Use of DjVus on all Wikisources via InstantCommons is standard and does not exhibit this problem.

This issue has not been tested yet with pdfs or paged tiffs.


Version: unspecified
Severity: normal

Details

Reference
bz37764

Event Timeline

bzimport raised the priority of this task from to Medium.Nov 22 2014, 12:25 AM
bzimport added a project: MediaWiki-DjVu.
bzimport set Reference to bz37764.

Assigning to Antoine, as I think this is part of the ongoing beta cluster configuration.

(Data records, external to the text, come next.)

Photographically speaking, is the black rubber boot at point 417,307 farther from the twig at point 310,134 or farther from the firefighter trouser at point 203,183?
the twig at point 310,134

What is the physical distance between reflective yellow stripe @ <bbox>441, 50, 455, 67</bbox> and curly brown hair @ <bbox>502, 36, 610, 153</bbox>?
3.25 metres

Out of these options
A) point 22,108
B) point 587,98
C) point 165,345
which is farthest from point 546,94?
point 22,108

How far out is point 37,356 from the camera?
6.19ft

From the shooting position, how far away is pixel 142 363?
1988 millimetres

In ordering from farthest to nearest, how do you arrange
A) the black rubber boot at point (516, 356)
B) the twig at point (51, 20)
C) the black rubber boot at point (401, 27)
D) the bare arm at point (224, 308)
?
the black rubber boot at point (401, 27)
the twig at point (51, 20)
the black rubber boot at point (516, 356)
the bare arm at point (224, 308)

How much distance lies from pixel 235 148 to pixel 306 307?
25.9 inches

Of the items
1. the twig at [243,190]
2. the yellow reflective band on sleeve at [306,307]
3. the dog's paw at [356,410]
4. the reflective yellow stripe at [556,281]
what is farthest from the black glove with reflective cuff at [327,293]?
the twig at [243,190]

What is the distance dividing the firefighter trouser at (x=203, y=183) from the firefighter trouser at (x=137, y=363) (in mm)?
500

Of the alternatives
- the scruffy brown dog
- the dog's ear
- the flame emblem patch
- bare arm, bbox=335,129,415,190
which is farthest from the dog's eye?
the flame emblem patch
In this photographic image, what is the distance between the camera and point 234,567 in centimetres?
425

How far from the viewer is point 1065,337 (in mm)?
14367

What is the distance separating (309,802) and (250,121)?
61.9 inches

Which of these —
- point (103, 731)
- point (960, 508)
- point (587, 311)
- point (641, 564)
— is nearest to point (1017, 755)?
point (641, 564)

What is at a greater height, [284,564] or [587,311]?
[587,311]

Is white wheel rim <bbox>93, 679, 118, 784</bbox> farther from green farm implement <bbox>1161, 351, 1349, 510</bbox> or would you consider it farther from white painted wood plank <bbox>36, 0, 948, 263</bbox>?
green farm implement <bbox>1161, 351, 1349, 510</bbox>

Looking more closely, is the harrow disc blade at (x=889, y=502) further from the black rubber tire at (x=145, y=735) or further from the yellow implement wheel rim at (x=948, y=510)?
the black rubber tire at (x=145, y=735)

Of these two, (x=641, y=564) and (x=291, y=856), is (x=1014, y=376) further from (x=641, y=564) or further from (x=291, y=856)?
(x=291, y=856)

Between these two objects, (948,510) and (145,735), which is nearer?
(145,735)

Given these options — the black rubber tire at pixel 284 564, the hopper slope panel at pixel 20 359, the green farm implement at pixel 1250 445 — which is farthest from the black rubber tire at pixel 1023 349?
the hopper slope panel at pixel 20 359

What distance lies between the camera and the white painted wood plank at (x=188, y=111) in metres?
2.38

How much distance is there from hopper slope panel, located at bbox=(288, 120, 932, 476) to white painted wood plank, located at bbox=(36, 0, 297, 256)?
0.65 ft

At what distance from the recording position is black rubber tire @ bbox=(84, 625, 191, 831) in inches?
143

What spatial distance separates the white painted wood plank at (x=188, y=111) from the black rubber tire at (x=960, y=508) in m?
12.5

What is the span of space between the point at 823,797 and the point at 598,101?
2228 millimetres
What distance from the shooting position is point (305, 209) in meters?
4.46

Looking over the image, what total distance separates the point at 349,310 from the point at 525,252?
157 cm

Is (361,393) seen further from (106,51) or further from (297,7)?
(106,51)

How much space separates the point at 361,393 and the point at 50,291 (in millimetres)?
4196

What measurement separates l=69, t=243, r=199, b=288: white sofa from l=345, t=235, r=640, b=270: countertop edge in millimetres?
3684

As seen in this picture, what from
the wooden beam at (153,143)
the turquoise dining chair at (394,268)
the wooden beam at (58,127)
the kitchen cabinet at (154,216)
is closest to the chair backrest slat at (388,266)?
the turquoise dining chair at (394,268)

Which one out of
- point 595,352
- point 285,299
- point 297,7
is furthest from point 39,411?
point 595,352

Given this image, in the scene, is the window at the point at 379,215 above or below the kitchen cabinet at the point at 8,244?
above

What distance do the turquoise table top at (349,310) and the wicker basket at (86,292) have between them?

The files are there. Looks like an issue with DjVuImage::retrieveMetaData(). That method relies on command line utilities to get metadata as a XML:

  • djvudump (output converted to XML)
  • djvutoxml

Looks like $wgDjvuDump is properly setup:

$ mwscript eval.php commonswiki

var_dump( $wgDjvuDump );

string(17) "/usr/bin/djvudump"

var_dump( $wgDjvuToXML );

NULL

The first utility seems to be indeed installed on beta apaches:

deployment-apache30:~$ djvudump
DJVUDUMP --- DjVuLibre-3.5.24
Describes DjVu and IFF85 files

Will need a bit more investigation.

So I eventually a call ForeignAPIFile->getMetaData() returns null. Need to find out why there is no metadata.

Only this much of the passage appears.